It’s not easy to conduct an archeological expedition in an area where temperatures regularly reach 130 degrees and winds carry enough sand to turn the sun orange. It’s harder still to fathom that, more than 3,500 years ago, the area was a key city for an ancient civilization.

But that’s not to say we shouldn’t look. Last week, a team of Yale archeologists headed by Professor of Egyptology John Coleman Darnell announced they had discovered the “lost city” of Umm Mawagir. The find, which is being touted as a key to understanding the Theban dynasty, was nearly two decades and many long hikes in the making. And it was one that came from following a path that hasn’t been well-beaten in 3,000 years.

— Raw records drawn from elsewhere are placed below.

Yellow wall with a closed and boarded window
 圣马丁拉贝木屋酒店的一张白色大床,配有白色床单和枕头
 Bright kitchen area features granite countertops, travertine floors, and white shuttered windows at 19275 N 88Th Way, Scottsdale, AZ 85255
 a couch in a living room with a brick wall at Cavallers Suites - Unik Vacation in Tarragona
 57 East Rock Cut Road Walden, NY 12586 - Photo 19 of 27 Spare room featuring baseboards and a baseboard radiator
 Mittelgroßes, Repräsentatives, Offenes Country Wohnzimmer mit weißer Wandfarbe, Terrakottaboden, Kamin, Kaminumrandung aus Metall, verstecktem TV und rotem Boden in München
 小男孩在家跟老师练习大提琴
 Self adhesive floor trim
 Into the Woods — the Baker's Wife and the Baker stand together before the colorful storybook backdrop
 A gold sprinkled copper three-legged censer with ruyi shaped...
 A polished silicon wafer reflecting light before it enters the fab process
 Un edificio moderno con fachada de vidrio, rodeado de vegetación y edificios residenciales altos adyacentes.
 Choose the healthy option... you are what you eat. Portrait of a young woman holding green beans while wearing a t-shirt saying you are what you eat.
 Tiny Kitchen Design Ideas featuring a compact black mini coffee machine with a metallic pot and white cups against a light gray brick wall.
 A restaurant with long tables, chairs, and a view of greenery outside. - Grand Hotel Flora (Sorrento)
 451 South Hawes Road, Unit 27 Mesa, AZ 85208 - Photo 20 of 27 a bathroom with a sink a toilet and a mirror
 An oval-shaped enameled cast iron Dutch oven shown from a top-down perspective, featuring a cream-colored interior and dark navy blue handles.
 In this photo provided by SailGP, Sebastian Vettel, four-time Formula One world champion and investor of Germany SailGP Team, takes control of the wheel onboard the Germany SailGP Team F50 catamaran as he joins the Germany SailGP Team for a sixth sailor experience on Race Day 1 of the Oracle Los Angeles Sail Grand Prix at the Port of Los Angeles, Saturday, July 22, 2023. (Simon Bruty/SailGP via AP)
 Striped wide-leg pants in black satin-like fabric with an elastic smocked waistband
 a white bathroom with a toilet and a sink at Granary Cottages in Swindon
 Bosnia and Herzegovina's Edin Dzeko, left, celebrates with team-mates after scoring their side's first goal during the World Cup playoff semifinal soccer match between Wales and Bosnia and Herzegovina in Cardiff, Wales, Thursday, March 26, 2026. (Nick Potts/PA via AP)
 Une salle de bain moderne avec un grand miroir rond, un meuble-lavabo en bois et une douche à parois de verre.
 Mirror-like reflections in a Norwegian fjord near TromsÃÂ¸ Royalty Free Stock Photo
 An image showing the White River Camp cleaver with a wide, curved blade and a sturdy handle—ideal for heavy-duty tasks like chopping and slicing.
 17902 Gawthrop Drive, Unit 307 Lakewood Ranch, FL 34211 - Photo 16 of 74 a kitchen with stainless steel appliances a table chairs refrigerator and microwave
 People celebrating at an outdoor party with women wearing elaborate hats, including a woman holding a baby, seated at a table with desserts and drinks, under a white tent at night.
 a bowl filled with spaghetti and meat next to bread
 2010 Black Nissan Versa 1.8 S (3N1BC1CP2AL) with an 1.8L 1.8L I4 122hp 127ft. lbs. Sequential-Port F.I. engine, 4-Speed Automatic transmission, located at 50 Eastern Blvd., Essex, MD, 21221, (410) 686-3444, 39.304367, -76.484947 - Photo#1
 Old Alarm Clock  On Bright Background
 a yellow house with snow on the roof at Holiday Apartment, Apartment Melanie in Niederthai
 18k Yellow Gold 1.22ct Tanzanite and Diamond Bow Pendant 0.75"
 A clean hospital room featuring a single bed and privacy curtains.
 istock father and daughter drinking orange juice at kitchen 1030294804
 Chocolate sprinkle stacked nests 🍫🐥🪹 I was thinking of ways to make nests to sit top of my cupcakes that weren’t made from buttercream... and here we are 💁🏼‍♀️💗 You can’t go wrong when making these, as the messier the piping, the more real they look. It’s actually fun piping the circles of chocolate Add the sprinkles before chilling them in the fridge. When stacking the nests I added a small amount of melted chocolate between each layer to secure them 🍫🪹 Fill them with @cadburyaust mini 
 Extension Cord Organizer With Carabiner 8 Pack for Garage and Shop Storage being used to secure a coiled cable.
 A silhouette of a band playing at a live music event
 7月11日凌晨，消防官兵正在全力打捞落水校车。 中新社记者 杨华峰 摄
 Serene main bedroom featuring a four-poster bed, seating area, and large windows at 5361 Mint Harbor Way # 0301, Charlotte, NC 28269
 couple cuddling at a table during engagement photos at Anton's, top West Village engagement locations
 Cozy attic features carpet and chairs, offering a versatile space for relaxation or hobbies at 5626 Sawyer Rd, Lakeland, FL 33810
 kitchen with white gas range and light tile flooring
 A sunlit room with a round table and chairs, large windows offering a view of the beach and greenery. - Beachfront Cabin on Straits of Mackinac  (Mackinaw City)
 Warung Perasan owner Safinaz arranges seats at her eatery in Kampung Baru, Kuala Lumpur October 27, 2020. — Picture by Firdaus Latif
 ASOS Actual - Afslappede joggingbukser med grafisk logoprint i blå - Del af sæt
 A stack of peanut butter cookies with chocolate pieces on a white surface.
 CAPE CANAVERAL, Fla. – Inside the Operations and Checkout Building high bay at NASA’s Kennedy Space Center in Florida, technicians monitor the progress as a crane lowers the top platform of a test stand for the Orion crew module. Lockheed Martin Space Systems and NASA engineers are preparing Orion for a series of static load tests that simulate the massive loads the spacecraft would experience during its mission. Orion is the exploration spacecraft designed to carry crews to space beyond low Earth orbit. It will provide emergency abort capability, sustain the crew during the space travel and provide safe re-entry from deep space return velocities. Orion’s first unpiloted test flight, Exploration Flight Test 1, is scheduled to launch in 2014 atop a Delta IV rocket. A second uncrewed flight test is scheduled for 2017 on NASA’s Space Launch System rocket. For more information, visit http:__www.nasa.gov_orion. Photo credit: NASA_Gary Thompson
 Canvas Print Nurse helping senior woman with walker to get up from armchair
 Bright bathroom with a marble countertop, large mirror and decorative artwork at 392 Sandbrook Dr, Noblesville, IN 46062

Next year, we celebrate the 100th anniversary of Hiram Bingham’s arrival at Machu Picchu, an event that changed our understanding of history. He arrived not by seeking sure success, but rather by taking the suggestion of a local farmer. One can only imagine what Darnell, who often wears a cape around campus, went through en route to Umm Mawagir.

As we begin a new school year, we would do well to follow Darnell and Bingham’s lead. This is not to say that we can be reckless or aimless (both explorers had an idea of what they hoped to find), but we should take advantage of the freedom to take risks. We shouldn’t hold back in our college years.

In her baccalaureate address this May, Drew Faust, the president of Harvard, spoke of the parking space theory of life. “Don’t park 10 blocks away from your destination because you think you’ll never find a closer space,” she said, echoing George Costanza’s concentric circle theory of parking. Aim for the spot you want and then circle around to the spot you have to have.

This is good advice indeed. Let’s all drive to the spot we want this year. It may leave us right in front of our destination. Just don’t try it during move- in.